YouTube pulls ahead of Disney, Paramount and WBD: advertisers shift budgets in 2025

YouTube’s advertising business surpassed the combined ad sales of several major Hollywood studios in 2025, a milestone that underscores a rapid reshaping of where viewers and ad dollars are migrating. New industry estimates suggest this shift is already changing how media companies and marketers allocate resources.

Research firm Moffett Nathanson, as reported by The Hollywood Reporter, estimates that YouTube generated about $40.4 billion in advertising revenue in 2025. That figure eclipses the combined ad revenue of Disney, NBCUniversal, Paramount and Warner Bros. Discovery, which together brought in roughly $37.8 billion from ads.

Entity 2024 ad revenue 2025 ad revenue (est.)
YouTube $36.1B $40.4B
Disney + NBCU + Paramount + WBD (combined) $41.8B $37.8B
Meta (for context) $196.2B
Netflix (total revenue, for context) $45.2B

The reversal from 2024 — when the studios collectively held the lead — highlights a broader trend: advertising budgets are moving toward platforms where audiences, particularly younger viewers, spend more time. YouTube’s fourth-quarter ad take alone reached about $11.4 billion, a sign of sustained demand from marketers.
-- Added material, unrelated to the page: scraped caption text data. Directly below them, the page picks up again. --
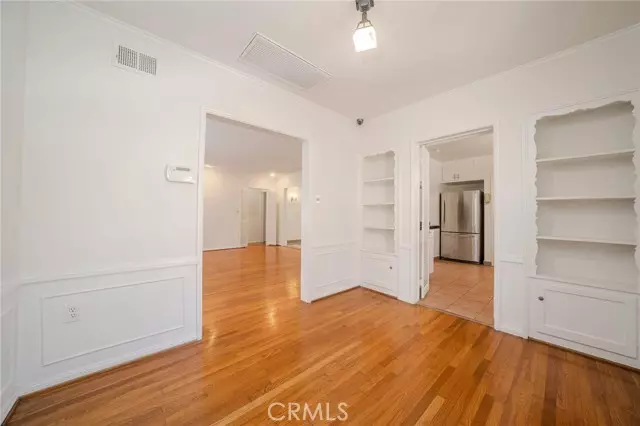 Los Angeles, CA 90049,433 S Bundy Drive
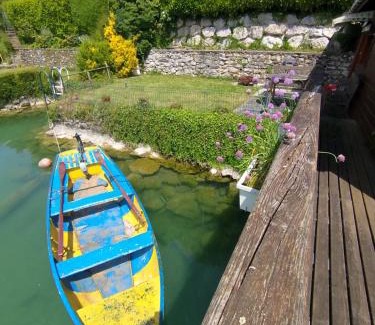 Aiguebelette-le-Lac Chalet De Esquí | Rare petit chalet sur le lac barque à rames clim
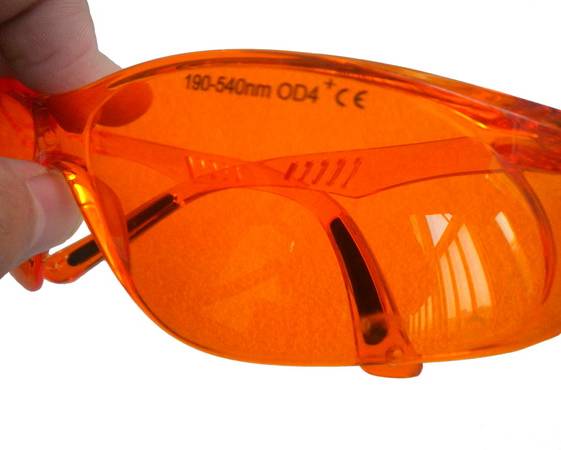 200nm-540nm Laser Safety Goggles Orange - Click Image to Close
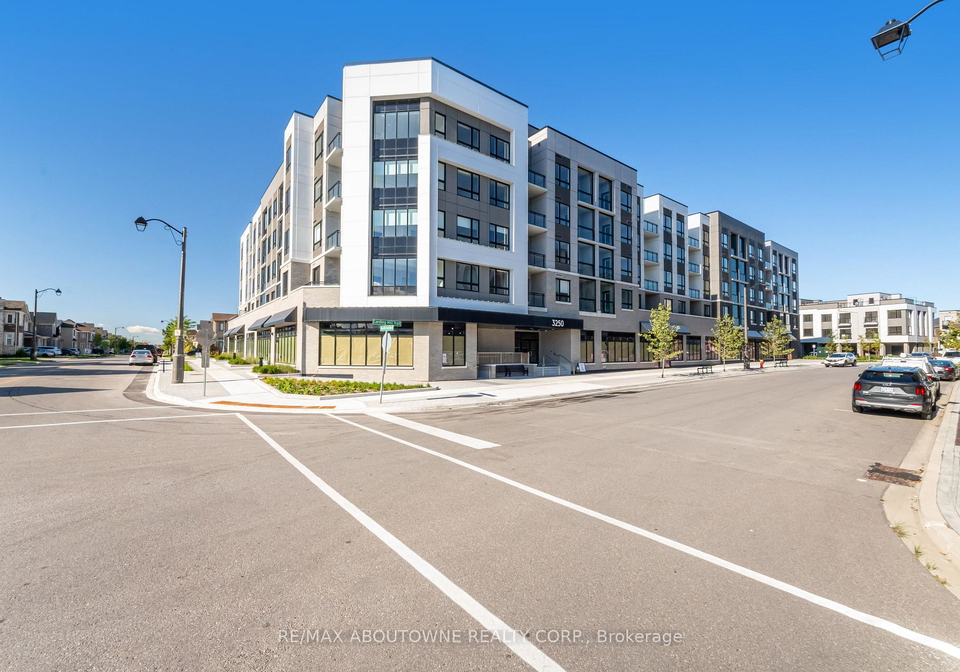 3250-carding-mill-trail-oakville-ontario-w13080662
Beyond advertising, Alphabet reported that YouTube’s total revenue in 2025 climbed to roughly $60 billion. A growing slice of that comes from paid products such as YouTube TV, YouTube Premium, YouTube Music and the NFL Sunday Ticket package. Traditional media groups are also investing in subscriptions — Disney’s media division, for example, pulled in about $60.9 billion in total revenue last year when including subscription sales — but the balance between ad- and subscriber-driven income is shifting.

Why this matters now: brands follow attention. Platforms that combine large, engaged audiences with effective ad targeting are rewarded, and that puts pressure on legacy studios that still depend on linear TV audiences and high-cost content production.

  • For advertisers: the data encourages reallocating budgets toward scalable video environments with younger viewership.
  • For studios: the trend increases urgency to find profitable distribution models and to control costs.
  • For viewers: greater ad investment can accelerate new formats and creator-driven content while also influencing what gets promoted.

Google’s video unit is not only expanding commercially: YouTube said this week it is widening a pilot of its likeness-detection tools to include certain public figures — government officials, politicians and journalists — to better identify AI-generated deepfakes and allow removals when content violates policy. That move reflects a growing focus on authenticity and platform accountability as synthetic media becomes more common.

Taken together, the numbers and policy shifts suggest an industry in transition. Platforms with scale and flexible monetization are gaining clout, while legacy entertainment companies must adapt strategies across ads, subscriptions and content spend to remain competitive. How quickly they respond will determine whether the latest revenue gap is a temporary fluctuation or the start of a longer-term realignment in media economics.